▶ [Exercise aim] Would you reproduce exactly, and only, the lines starting at the one with "4815-kensington-belt-1.webp" and ending at the last line of the data, with both included? Leave the pictures out.
++++ Material for this task
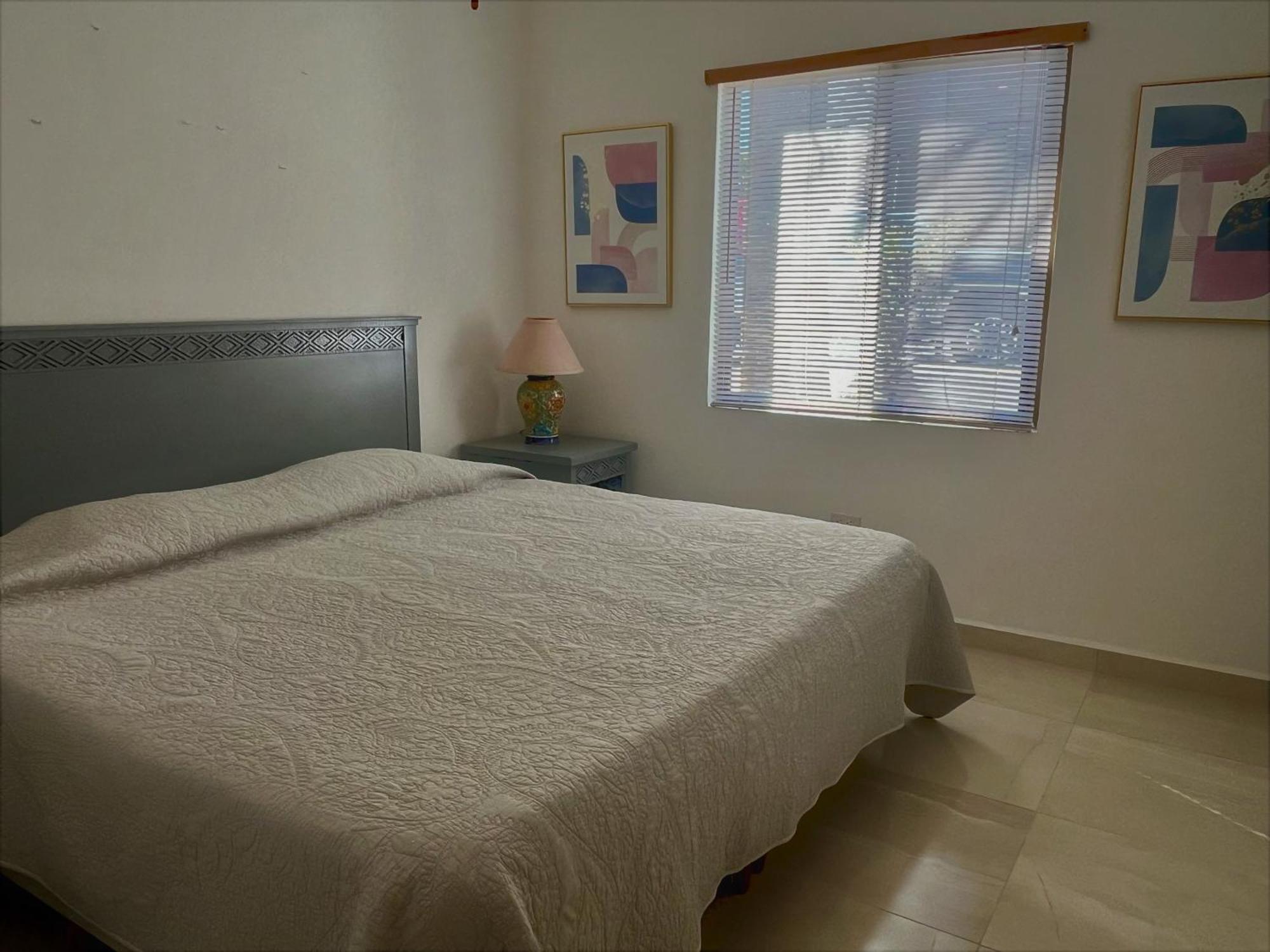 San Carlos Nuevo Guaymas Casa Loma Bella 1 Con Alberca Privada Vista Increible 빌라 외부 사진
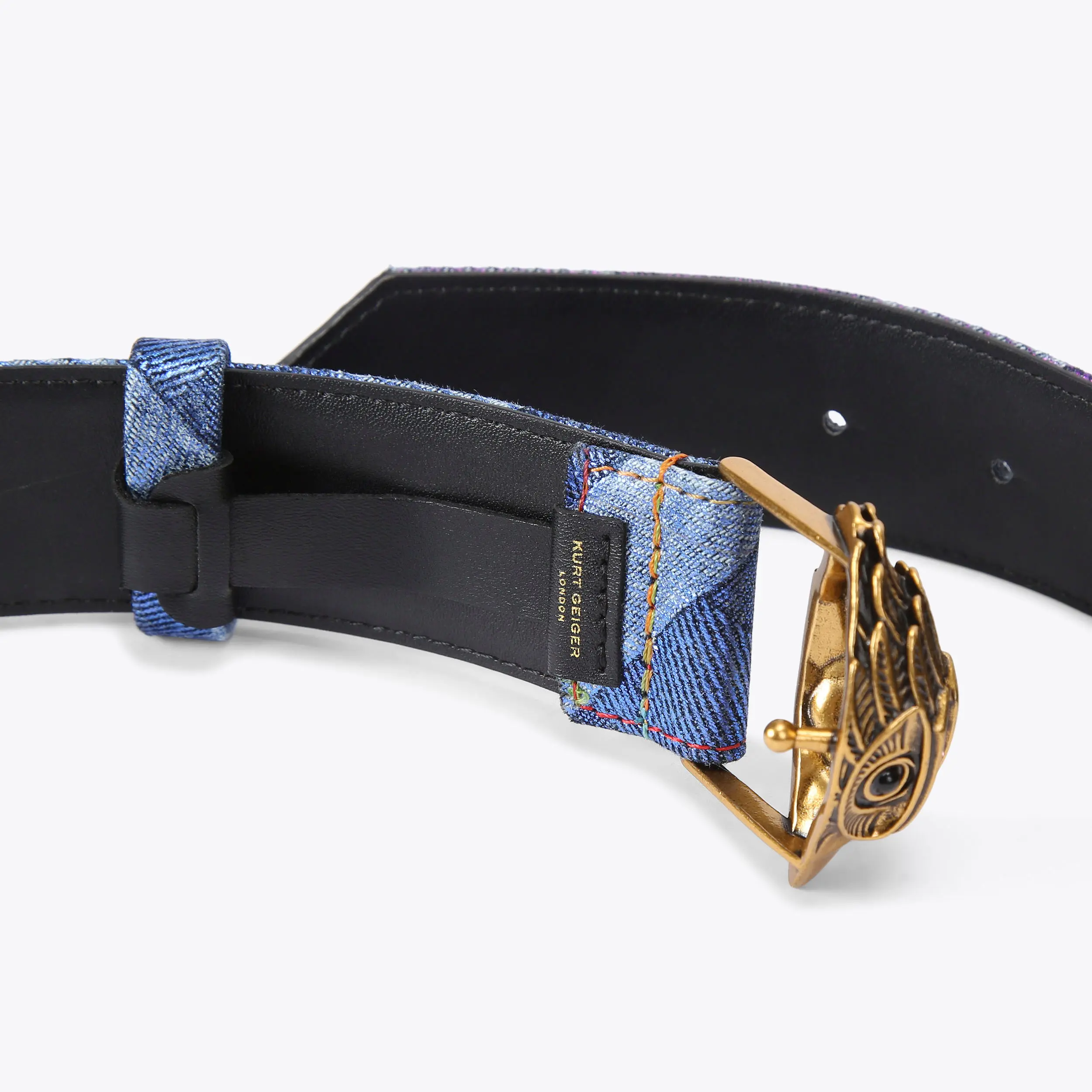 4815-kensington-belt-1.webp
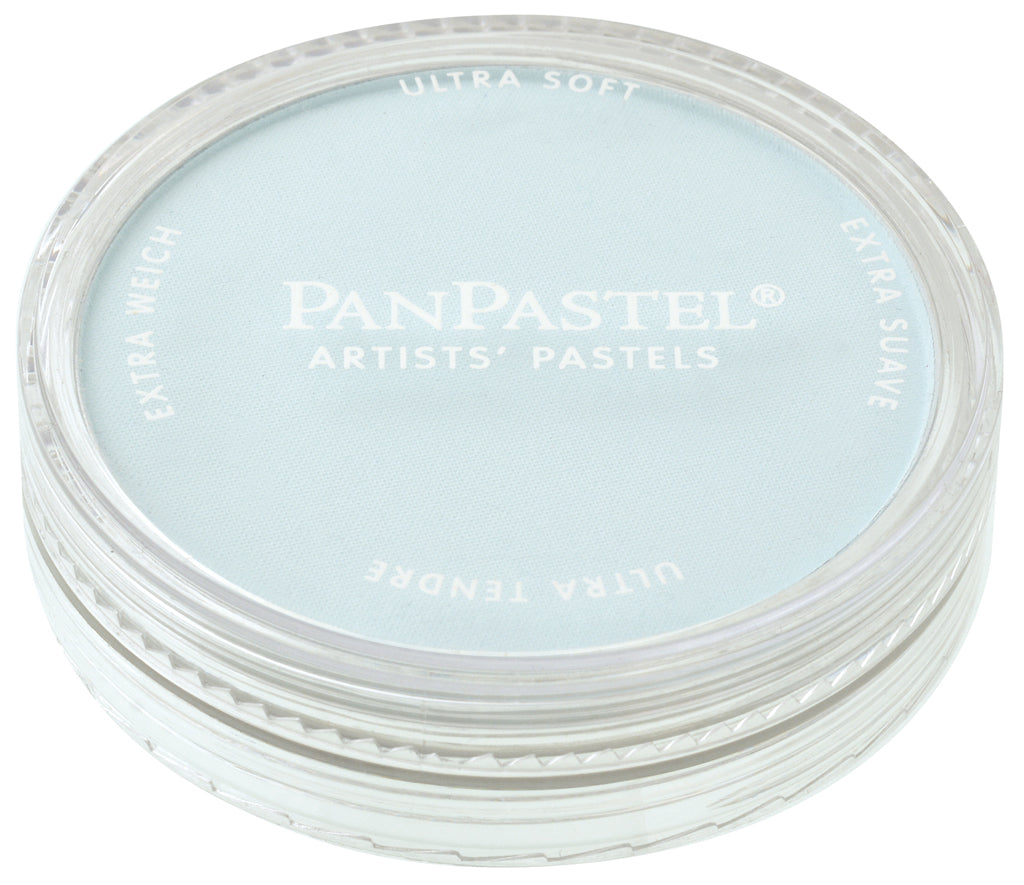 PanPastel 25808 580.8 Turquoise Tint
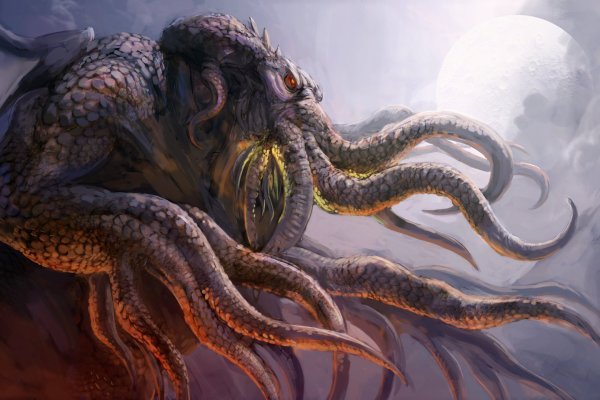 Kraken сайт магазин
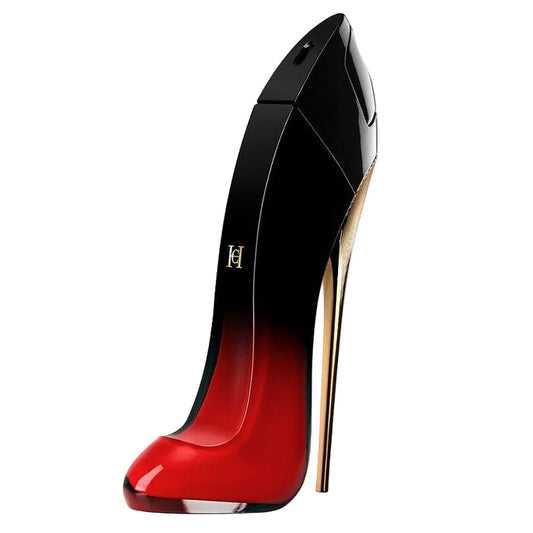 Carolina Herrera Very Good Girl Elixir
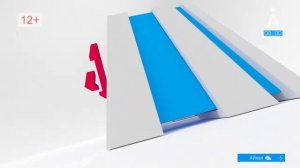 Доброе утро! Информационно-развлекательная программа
++++++++
▶ [The completed task]
 4815-kensington-belt-1.webp
 PanPastel 25808 580.8 Turquoise Tint
 Kraken сайт магазин
 Carolina Herrera Very Good Girl Elixir
 Доброе утро! Информационно-развлекательная программа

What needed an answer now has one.